I am not going to review Piketty’s book here as I have been asked by the Historical Materialism journal to do a review and I don’t want to steal the thunder from that.  But as that won’t be published for some time, I can’t resist posing a few questions for everybody to consider if they plan to read the 677 pages plus a myriad of statistics and charts offered by Piketty.

The book’s title immediately suggests a reference to Marx’s Capital, written in the 19th century. By implication, Piketty sets out to deliver an analysis of capitalism relevant to the 21st century as an improvement on Marx.

So here are the questions.

Piketty’s definition of capital is different from that of Marx.  Is Piketty’s better, more realistic and appropriate or is Marx’s?  Does it matter?

Piketty presents “two fundamental laws of capitalism”.  Piketty’s laws are different from Marx’s laws of motion of capitalism.  Are they realistic and more compelling in explaining capitalism in the 21st century?
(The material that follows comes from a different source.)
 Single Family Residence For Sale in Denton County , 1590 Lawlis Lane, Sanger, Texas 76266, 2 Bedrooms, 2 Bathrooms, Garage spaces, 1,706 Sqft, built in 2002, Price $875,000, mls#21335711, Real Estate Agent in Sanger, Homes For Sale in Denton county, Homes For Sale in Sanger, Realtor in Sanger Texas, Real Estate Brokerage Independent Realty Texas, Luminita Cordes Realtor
Piketty’s main thesis is that inequality of wealth will grow as the share of income in an economy going to capital rises faster than national income increases.  This will happen if the net rate of return on capital (r) rises faster than the nominal rate of national income growth (g).  Is he right?

What is this r, how do we measure it and is it a realistic category?  I challenge the reader to search for Piketty’s r and the data behind it.
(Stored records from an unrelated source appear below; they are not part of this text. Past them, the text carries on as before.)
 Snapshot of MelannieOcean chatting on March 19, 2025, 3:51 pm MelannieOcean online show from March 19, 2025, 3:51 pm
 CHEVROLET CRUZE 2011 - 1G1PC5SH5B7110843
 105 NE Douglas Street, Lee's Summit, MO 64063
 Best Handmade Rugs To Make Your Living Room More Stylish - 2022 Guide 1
Piketty says r and g are independently determined and exogenous to his model of capitalism.  Is it realistic to assume that the rate of return on capital is not affected by the rate of growth in an economy, or vice versa?

Piketty says that, over centuries, r is pretty much steady at about 4-5%.  How does Piketty reach this conclusion?  Does he explain? Marx would not agree that the rate of profitability in capitalist economies has not moved much?  Is Marx wrong and Piketty right?

Piketty says, as r is steady, the only swing factor is g and he forecasts that the growth of national income will fall below r during the 21st century and thus inequality will rise further.  Is he right about g slowing down while r stays steady?

Piketty uses the neoclassical aggregate production function model to make forecasts about future growth in an economy?  Is this robust and realistic?

Rising inequality is the issue for 21st century capitalism for Piketty.  But what about booms and slumps and the recurrent breakdowns in capital accumulation?  What does Piketty have to say about those in relation to his ‘fundamental laws’?

Piketty suggests policy solutions to the rising inequality of wealth.  Are they appropriate and realistic?

My review will try to answer these questions.

 

19 thoughts on “Thomas Piketty and the search for ‘r’

  1. Michael, as usual you get to the heart of the matter. Marx never based his revolutionary demands on inequality(increasing, declining or stable) Instead, he bases those demands on the increasing difficulty of accumulating capital. That is why he talked constantly about capitalism being an historically limited system for developing the means of production. There is a long-winded discussion in the Nation magazine contrasting Piketty to millenarium Marxist that weakly deals with this contrast.

    1. Marx, The Rate of Profit and Accumulation

      Marx does not base his revolutionary demands on some supposed difficulty of capital accumulating either. He didn’t believe any such problem existed, other than temporarily.

      To set some things straight. The discussion over the falling rate of profit is largely based on false premises. When Marx uses the term “Rate of Profit”, he uses it in its capitalist context, i.e. it is what we would call the profit margin, the proportion of surplus value to cost prices of the commodity, or what amounts to the same thing, the annual surplus value as a proportion of the laid-out capital for the year.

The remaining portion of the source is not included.